**Work instructions:** Word for word, reproduce every line of the data.

**Data:**
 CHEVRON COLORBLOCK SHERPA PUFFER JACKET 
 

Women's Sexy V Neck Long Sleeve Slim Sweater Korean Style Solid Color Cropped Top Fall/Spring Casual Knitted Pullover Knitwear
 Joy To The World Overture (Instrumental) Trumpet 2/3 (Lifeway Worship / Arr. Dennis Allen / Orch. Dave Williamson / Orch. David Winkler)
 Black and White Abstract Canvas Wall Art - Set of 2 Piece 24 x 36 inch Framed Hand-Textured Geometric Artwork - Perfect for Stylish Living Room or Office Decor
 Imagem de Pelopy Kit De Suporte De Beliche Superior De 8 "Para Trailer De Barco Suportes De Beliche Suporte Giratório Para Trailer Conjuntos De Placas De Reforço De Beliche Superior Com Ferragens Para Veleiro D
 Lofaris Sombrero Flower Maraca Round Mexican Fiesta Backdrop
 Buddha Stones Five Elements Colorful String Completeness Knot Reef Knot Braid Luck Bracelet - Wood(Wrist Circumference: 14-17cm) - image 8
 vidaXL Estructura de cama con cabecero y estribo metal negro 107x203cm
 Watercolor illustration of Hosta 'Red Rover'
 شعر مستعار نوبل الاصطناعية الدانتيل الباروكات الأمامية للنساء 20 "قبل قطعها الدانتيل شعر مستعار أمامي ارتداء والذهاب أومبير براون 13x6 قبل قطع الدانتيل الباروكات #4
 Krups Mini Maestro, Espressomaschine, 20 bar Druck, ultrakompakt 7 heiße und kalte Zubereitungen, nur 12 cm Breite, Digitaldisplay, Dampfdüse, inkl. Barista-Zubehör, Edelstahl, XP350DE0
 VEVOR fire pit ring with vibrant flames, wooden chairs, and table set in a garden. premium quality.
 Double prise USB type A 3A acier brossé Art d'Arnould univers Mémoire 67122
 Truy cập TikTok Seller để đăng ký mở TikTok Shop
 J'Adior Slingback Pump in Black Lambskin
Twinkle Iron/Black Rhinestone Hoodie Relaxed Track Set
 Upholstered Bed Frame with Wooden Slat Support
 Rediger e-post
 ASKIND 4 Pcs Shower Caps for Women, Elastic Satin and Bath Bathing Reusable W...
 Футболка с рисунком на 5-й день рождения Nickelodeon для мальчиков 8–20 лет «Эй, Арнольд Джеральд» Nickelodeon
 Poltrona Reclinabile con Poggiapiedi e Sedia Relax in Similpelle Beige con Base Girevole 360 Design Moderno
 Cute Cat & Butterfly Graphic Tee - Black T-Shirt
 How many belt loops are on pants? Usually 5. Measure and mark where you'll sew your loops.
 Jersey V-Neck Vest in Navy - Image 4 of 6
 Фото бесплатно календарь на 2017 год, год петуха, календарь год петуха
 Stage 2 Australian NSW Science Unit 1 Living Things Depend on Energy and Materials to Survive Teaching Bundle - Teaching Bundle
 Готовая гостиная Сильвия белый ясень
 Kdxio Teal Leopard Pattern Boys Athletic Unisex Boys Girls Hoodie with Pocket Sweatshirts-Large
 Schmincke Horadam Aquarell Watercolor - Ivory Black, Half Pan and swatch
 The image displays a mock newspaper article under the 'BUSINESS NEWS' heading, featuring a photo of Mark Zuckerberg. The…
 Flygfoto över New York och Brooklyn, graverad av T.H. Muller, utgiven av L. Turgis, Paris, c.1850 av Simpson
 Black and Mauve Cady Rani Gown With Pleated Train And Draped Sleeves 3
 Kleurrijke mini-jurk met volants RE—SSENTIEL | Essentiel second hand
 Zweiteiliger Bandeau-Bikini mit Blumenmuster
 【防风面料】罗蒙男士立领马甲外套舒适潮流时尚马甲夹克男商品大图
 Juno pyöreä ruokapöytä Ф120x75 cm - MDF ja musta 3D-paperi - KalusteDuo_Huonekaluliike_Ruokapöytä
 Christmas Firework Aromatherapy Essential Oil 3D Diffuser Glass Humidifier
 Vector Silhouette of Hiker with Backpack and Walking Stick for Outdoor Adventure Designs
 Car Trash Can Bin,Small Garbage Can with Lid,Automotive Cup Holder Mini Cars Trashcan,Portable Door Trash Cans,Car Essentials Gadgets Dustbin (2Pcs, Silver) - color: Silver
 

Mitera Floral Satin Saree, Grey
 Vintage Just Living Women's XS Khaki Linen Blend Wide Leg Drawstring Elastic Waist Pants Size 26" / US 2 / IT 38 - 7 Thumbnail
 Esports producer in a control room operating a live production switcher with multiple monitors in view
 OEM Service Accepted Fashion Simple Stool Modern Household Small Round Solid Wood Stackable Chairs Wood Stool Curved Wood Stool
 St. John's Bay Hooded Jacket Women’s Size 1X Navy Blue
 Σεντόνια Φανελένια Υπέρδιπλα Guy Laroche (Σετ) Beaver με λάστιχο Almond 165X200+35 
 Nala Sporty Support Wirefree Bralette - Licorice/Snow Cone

**Answer to this problem:**
 CHEVRON COLORBLOCK SHERPA PUFFER JACKET 
 

Women's Sexy V Neck Long Sleeve Slim Sweater Korean Style Solid Color Cropped Top Fall/Spring Casual Knitted Pullover Knitwear
 Joy To The World Overture (Instrumental) Trumpet 2/3 (Lifeway Worship / Arr. Dennis Allen / Orch. Dave Williamson / Orch. David Winkler)
 Black and White Abstract Canvas Wall Art - Set of 2 Piece 24 x 36 inch Framed Hand-Textured Geometric Artwork - Perfect for Stylish Living Room or Office Decor
 Imagem de Pelopy Kit De Suporte De Beliche Superior De 8 "Para Trailer De Barco Suportes De Beliche Suporte Giratório Para Trailer Conjuntos De Placas De Reforço De Beliche Superior Com Ferragens Para Veleiro D
 Lofaris Sombrero Flower Maraca Round Mexican Fiesta Backdrop
 Buddha Stones Five Elements Colorful String Completeness Knot Reef Knot Braid Luck Bracelet - Wood(Wrist Circumference: 14-17cm) - image 8
 vidaXL Estructura de cama con cabecero y estribo metal negro 107x203cm
 Watercolor illustration of Hosta 'Red Rover'
 شعر مستعار نوبل الاصطناعية الدانتيل الباروكات الأمامية للنساء 20 "قبل قطعها الدانتيل شعر مستعار أمامي ارتداء والذهاب أومبير براون 13x6 قبل قطع الدانتيل الباروكات #4
 Krups Mini Maestro, Espressomaschine, 20 bar Druck, ultrakompakt 7 heiße und kalte Zubereitungen, nur 12 cm Breite, Digitaldisplay, Dampfdüse, inkl. Barista-Zubehör, Edelstahl, XP350DE0
 VEVOR fire pit ring with vibrant flames, wooden chairs, and table set in a garden. premium quality.
 Double prise USB type A 3A acier brossé Art d'Arnould univers Mémoire 67122
 Truy cập TikTok Seller để đăng ký mở TikTok Shop
 J'Adior Slingback Pump in Black Lambskin
Twinkle Iron/Black Rhinestone Hoodie Relaxed Track Set
 Upholstered Bed Frame with Wooden Slat Support
 Rediger e-post
 ASKIND 4 Pcs Shower Caps for Women, Elastic Satin and Bath Bathing Reusable W...
 Футболка с рисунком на 5-й день рождения Nickelodeon для мальчиков 8–20 лет «Эй, Арнольд Джеральд» Nickelodeon
 Poltrona Reclinabile con Poggiapiedi e Sedia Relax in Similpelle Beige con Base Girevole 360 Design Moderno
 Cute Cat & Butterfly Graphic Tee - Black T-Shirt
 How many belt loops are on pants? Usually 5. Measure and mark where you'll sew your loops.
 Jersey V-Neck Vest in Navy - Image 4 of 6
 Фото бесплатно календарь на 2017 год, год петуха, календарь год петуха
 Stage 2 Australian NSW Science Unit 1 Living Things Depend on Energy and Materials to Survive Teaching Bundle - Teaching Bundle
 Готовая гостиная Сильвия белый ясень
 Kdxio Teal Leopard Pattern Boys Athletic Unisex Boys Girls Hoodie with Pocket Sweatshirts-Large
 Schmincke Horadam Aquarell Watercolor - Ivory Black, Half Pan and swatch
 The image displays a mock newspaper article under the 'BUSINESS NEWS' heading, featuring a photo of Mark Zuckerberg. The…
 Flygfoto över New York och Brooklyn, graverad av T.H. Muller, utgiven av L. Turgis, Paris, c.1850 av Simpson
 Black and Mauve Cady Rani Gown With Pleated Train And Draped Sleeves 3
 Kleurrijke mini-jurk met volants RE—SSENTIEL | Essentiel second hand
 Zweiteiliger Bandeau-Bikini mit Blumenmuster
 【防风面料】罗蒙男士立领马甲外套舒适潮流时尚马甲夹克男商品大图
 Juno pyöreä ruokapöytä Ф120x75 cm - MDF ja musta 3D-paperi - KalusteDuo_Huonekaluliike_Ruokapöytä
 Christmas Firework Aromatherapy Essential Oil 3D Diffuser Glass Humidifier
 Vector Silhouette of Hiker with Backpack and Walking Stick for Outdoor Adventure Designs
 Car Trash Can Bin,Small Garbage Can with Lid,Automotive Cup Holder Mini Cars Trashcan,Portable Door Trash Cans,Car Essentials Gadgets Dustbin (2Pcs, Silver) - color: Silver
 

Mitera Floral Satin Saree, Grey
 Vintage Just Living Women's XS Khaki Linen Blend Wide Leg Drawstring Elastic Waist Pants Size 26" / US 2 / IT 38 - 7 Thumbnail
 Esports producer in a control room operating a live production switcher with multiple monitors in view
 OEM Service Accepted Fashion Simple Stool Modern Household Small Round Solid Wood Stackable Chairs Wood Stool Curved Wood Stool
 St. John's Bay Hooded Jacket Women’s Size 1X Navy Blue
 Σεντόνια Φανελένια Υπέρδιπλα Guy Laroche (Σετ) Beaver με λάστιχο Almond 165X200+35 
 Nala Sporty Support Wirefree Bralette - Licorice/Snow Cone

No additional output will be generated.